To apply for an EAD, eligible spouses in H-4 status must file a Form I-765 and pay a filing fee. Please review the USCIS information on how to apply for an EAD for a process overview as well as a list of FAQs and an overview of required support documents. In general, the following support documents should be included:

  • Copy of passport
  • Marriage license (with English translation, if applicable)
  • Proof that the H-1B status holder is currently in status, such as
    • H-1B Approval Notice
    • I-94 record
    • Three most recent paystubs
  • Proof that the H-4 status holder is currently in status, such as
    • H-4 Approval Notice
    • I-94 record
  • Proof of eligibility for the EAD
    • Copy of I-140 Approval, OR
    • Proof of H-1B status approval beyond the sixth year.

Individuals in H-4 status may not begin employment until USCIS has approved the application and the EAD has been received by the applicant.

EAD Extensions

The expiration date of the EAD will often coincide with the validity of one’s approved H-4 status. When filing Form I-539 to request an extension of one’s H-4 status, a new I-765 may be filed at the same time. To avoid future gaps in employment eligibility – with limited exceptions, one’s EAD has to be valid in order for H-4 spouses to work – it is important that future status extension requests are filed as early as possible. 

Because H-4 status extension requests are dependent on status extensions for the H-1B status holder, H-1B status extension requests should be filed as early as possible. USCIS will accept H-1B extension requests up to six months prior to the requested start date.  Note that individuals in H-1B status who are the beneficiaries of a pending H-1B extension petition may continue to work for a period of 240 days while their extension petition is pending with USCIS.  However, H-4 spouses who are employed on the basis of an EAD do not have this benefit and must stop working  when their EAD expires, unless they are covered by the 11/12/2021 policy guidance referenced below. Therefore, it is strongly recommended that H-1B extensions be filed five to six months prior to the requested extension start date so that EAD requests for H-4 spouses can be adjudicated in time.

Effective 11/12/2021, USCIS issued new policy guidance that confirms that qualifying H-4 dependent spouses whose status continues to be valid beyond the expiration date of their EAD are eligible for an automatic extension of their EAD. Upon the timely filing of an EAD extension request (Form I-765), their employment authorization will automatically be extended for a period of 180 days OR until the date their H-4 status expires, whichever is shorter.
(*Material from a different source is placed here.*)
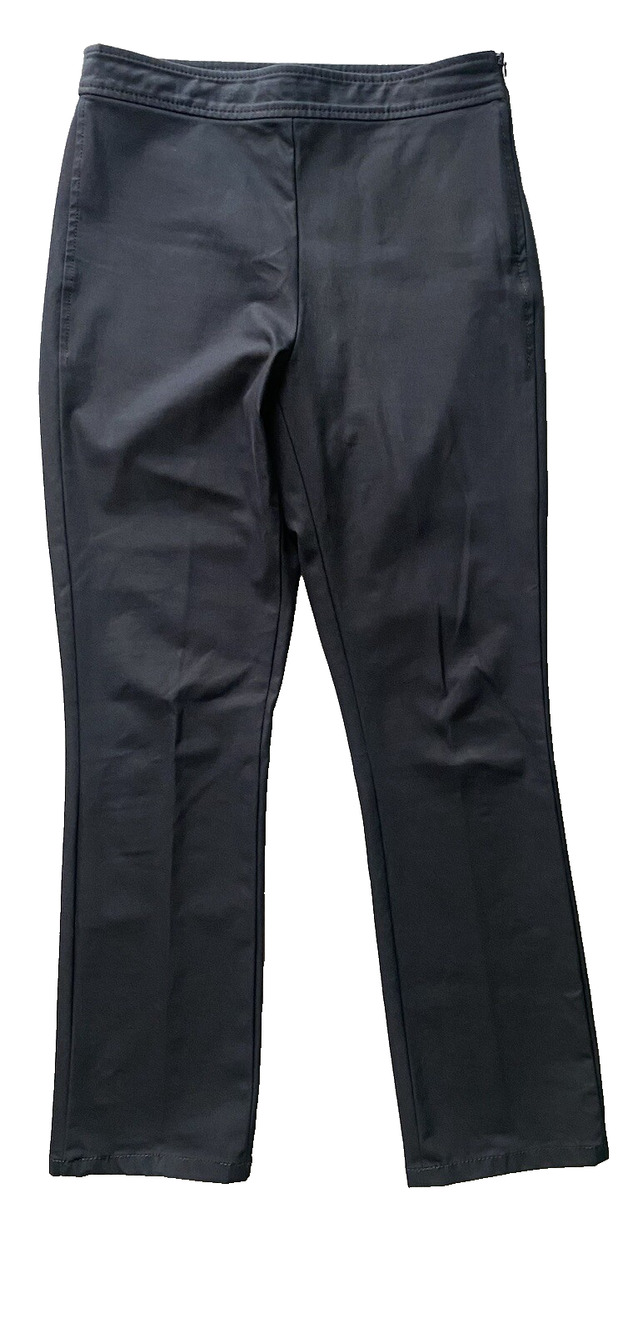 Theory Pants Womens 6 Bimsa Black Highrise Ankle Straight Office Career Slacks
Note: USCIS issued a Temporary Final Rule (TFR) on 5/4/2022 to change the automatic extension period for certain EAD categories from 180 days to 540 days, for extension requests filed on or before 10/26/2023. Individuals who filed their EAD extension requests before 5/4/2022 are also covered by this new TFR. Note that USCIS will not be issuing new I-797 receipt notices to affected individuals. I-797 receipt notices for affected categories that refer to a 180-day extension period will still meet the regulatory requirement for employment authorization.

Any and all H-1B petitions filed on behalf of the University of Michigan must be filed by the International Center (IC) on the Ann Arbor campus. As a courtesy, at the request of the H-4 spouse, the IC can include the Form I-539 and I-765 with the H-1B petition.
 

When to Apply

Spouses in H-4 status who are not yet eligible to apply for the EAD under the eligibility criteria should not file the I-765 until they can establish their eligibility. Spouses who will become eligible for an EAD based on an extension of the primary status holder's H-1B status beyond the sixth year of eligibility may file the Form I-765 together with their request for an extension (Form I-539) of their H-4 status. However, USCIS has indicated that it will only approve the I-765 once the I-539 has been approved.